We have a very specific way of setting up student binders, check out this blog post.
We understand that it may not be feasible for you to house individual binders for each student and that is not a problem. You may choose to send papers home as they are completed in class so that parents can see your daily work with each phonogram.
As you prepare to teach Lesson 1 here are the items to print:
As you read through the Lesson 1 instructor’s guide, you will find information about how to use each page in the Student Workbook, as well as the Morphology pages.
Classroom instruction should contain two components:
1. A whole class mini-lesson which is an introduction to the phonogram or rule.
This lesson should cover:
- Sound Drill - Click Here to Watch a Video on the Importance of the Sound Drill
- New Rule Introduction - Click here to watch a video on the introduction of Letter Y
2. A small group differentiated lesson.
Begin your small group instruction by working through each lesson. Typically we spend one week per concept.
- Review Rule Decoding or Game - Click Here to Watch How We Gamify Review Word Lists & Click Here to Watch a Video on a Game we use for Review
- Differentiated Practice of the New Rule - Click Here to Watch a Video on Differentiated Instruction
- Incorporate Targeted Additional Skills - See What These Skills Look Like
- Phonological Awareness & Auditory Drill - Click Here to See What This Looks Like
Keep in mind that many of the "Additional or Extra Activities" that are built into the Student Workbook are designed for you to pick and choose. You may not always complete all of these activities. Some you may send home or some you may realize are not necessary for your student.
Spelling & Homework systems
Each lesson comes with Additional Activities, and these can be used in a variety of different ways. You may choose to use these additional student workbook pages for review in your small group setting, or to be sent home as homework.
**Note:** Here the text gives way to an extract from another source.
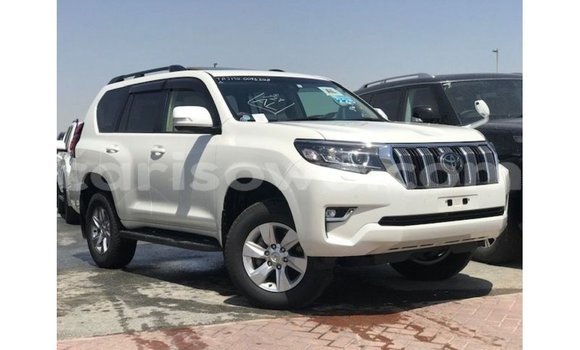 Sayi Imported Toyota Prado White Mota in Import - Dubai a Benin Sayi Imported Toyota Prado White Mota in Import - Dubai a Benin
These pages also lend themselves to being used at centers or word work stations. Check out our video to see how you can use these pages!
Each lesson contains spelling and dictation practice. This is reinforced in your small group instruction and can also serve as your core spelling program.
In our Members Only Library, under Writing Resources, you will find Intermediate Level Spelling List Sheets. These are already leveled for you to meet the needs of your differentiated spellers. You can send these home as homework and spelling practice to complement the encoding (spelling) work you are doing during your small group instruction.
As you prepare to send homework home for the first time, you may want to share information with your parents about your new systems and targeted instruction. We find that it can be incredibly helpful and empowering to families if you provide them with documentation about what you are aiming to do during your intervention time. We know that some families may be more interested than others but we have prepared a brief handout that you can give to parents or attach via email to help keep them in the loop. It's also a great reference sheet for your students. We find that anchoring your discussion around the Literacy Processing Triangle can help others gain a grasp of the complex process of reading and what this particular intervention is targeting for your students.
Breathe. This is going to take time to get used to and time for your students to adjust. It doesn’t have to be perfect. Before you know it, this instruction will become your second language and your systems will work like a well-oiled machine. You will see the spark of ‘a-ha’ in your students as they gain experience and confidence with new rules and skills, and you will become comfortable with making this curriculum work for you.